(Exercise materials)
┄┄┄┄┄┄
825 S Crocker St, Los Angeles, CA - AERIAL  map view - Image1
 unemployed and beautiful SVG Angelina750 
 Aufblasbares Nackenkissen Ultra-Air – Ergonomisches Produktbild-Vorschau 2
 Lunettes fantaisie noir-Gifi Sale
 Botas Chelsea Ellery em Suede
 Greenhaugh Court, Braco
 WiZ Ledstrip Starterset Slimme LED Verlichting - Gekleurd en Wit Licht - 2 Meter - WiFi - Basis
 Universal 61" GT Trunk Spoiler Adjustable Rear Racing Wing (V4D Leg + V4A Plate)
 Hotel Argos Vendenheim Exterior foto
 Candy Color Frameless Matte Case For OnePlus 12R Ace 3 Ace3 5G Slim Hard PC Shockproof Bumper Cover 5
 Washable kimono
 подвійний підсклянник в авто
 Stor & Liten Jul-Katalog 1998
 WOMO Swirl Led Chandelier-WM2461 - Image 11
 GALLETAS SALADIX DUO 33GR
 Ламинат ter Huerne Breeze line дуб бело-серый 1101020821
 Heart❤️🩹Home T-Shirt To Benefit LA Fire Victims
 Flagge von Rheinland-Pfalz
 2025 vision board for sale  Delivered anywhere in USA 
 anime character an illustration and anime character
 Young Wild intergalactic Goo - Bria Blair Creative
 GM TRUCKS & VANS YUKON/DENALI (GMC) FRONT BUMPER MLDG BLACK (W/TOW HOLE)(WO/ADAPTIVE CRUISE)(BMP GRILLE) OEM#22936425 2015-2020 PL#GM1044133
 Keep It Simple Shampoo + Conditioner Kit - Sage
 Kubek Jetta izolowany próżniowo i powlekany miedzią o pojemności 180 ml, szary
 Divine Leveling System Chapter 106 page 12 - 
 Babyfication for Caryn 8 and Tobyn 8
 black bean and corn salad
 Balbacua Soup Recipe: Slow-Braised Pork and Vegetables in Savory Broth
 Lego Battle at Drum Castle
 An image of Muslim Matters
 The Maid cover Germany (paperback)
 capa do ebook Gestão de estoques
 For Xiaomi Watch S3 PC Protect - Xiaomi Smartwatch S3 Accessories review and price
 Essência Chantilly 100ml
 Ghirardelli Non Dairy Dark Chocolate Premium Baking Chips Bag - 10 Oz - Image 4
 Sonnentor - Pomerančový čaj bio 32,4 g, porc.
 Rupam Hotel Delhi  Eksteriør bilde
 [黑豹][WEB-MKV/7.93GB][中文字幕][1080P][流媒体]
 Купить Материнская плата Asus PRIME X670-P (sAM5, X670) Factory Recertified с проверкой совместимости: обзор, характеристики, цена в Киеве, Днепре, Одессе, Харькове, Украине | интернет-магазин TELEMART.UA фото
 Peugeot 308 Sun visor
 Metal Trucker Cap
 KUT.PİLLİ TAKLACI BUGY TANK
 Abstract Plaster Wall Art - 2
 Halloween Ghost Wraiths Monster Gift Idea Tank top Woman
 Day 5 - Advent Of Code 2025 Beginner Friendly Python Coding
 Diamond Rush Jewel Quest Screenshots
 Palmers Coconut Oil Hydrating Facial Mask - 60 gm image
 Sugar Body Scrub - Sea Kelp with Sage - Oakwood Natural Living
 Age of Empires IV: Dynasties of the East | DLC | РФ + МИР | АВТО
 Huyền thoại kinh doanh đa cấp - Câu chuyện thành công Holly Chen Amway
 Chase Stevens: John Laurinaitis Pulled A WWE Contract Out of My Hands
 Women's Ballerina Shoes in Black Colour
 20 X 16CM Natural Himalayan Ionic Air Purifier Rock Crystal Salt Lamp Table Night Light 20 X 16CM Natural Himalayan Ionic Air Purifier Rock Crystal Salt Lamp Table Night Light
┄┄┄┄┄┄
(Required work) Above are records; repeat only the lines starting at the line with "Hotel Argos Vendenheim Exterior foto" and ending at the line with "Heart❤️🩹Home T-Shirt To", exactly as they appear, both included.

(Response to the task)
 Hotel Argos Vendenheim Exterior foto
 Candy Color Frameless Matte Case For OnePlus 12R Ace 3 Ace3 5G Slim Hard PC Shockproof Bumper Cover 5
 Washable kimono
 подвійний підсклянник в авто
 Stor & Liten Jul-Katalog 1998
 WOMO Swirl Led Chandelier-WM2461 - Image 11
 GALLETAS SALADIX DUO 33GR
 Ламинат ter Huerne Breeze line дуб бело-серый 1101020821
 Heart❤️🩹Home T-Shirt To Benefit LA Fire Victims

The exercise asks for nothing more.